An ABI change is not an option, although an alternative functor could be provided as an optional extension. There was a related thread a year ago starting at https://gcc.gnu.org/ml/libstdc++/2014-03/msg00024.html
Thanks for the link. I am not sure if there is really any benefit of using libdivide instead of the masking. I'll attach a first version of patch in which the functor stores the mask. Any comments welcome, I am not familiar with the library. Another possible solution would be to allow the number of buckets to be a power of two, as one can easily compute the mask for such cases. This could be triggered by the user explicitly calling rehash() with a power of two as the parameter. Increasing the number of buckets would only increase to another power of two. _Mod_range_hashing could check if the number of buckets is a power of two and use masking in that case. This would not require an ABI change. Any chance of getting such a change upstream? As far as I can see, there seems to be no easy way to have the unorered_map use our folding functor instead of _Mod_range_hashing or am I missing something?

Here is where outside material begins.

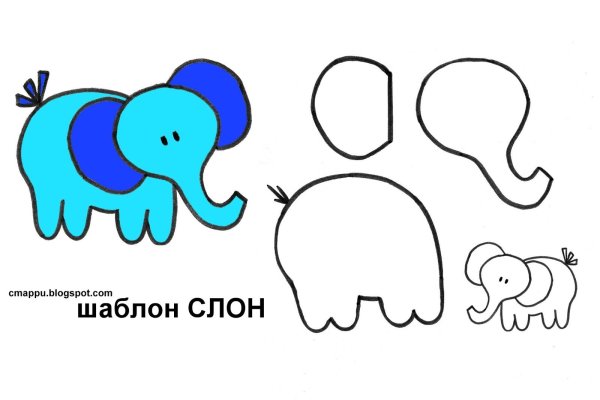 Шаблон слоненка для аппликации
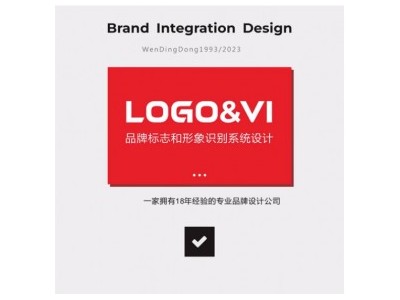 logo设计原创商标设计企业公司标志品牌LOGO设计加急字体门头海报包装设计头像定制店铺公司logo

(In reply to Jens Breitbart from comment #2) > Another possible solution would be to allow the number of buckets to be a > power of two, as one can easily compute the mask for such cases. This could > be triggered by the user explicitly calling rehash() with a power of two as > the parameter. Increasing the number of buckets would only increase to > another power of two. _Mod_range_hashing could check if the number of > buckets is a power of two and use masking in that case. This would not > require an ABI change. That sounds promising, and worth pursuing. > Any chance of getting such a change upstream? I don't see why not, although unless you have a GCC copyright assignment on file, or plan to get one (immediately, since it can take a while) it's better *not* to give us a patch, because we can't use it anyway and there can be no danger of using your code if we don't see it! > As far as I can see, there > seems to be no easy way to have the unorered_map use our folding functor > instead of _Mod_range_hashing or am I missing something? I think you would need to use the _Hastable class template directly, rather than via std::unordered_map. In theory that allows you to re-use the internals with different policies, but in practice it's not very easy.
Currently, the only implemented policy uses primes from a hard-coded list for the number of buckets. This makes it easy to precompute (and hard-code in the library) anything that may be helpful to speed-up modulo computation. With a number of buckets that is a power of 2, modulo computation becomes trivial (masking). However, the simplistic specialization of std::hash for pointers in libstdc++ means that all double* hash to a multiple of 8. So we would need to add some scrambling somewhere to avoid leaving most buckets empty in unordered_set<double*>.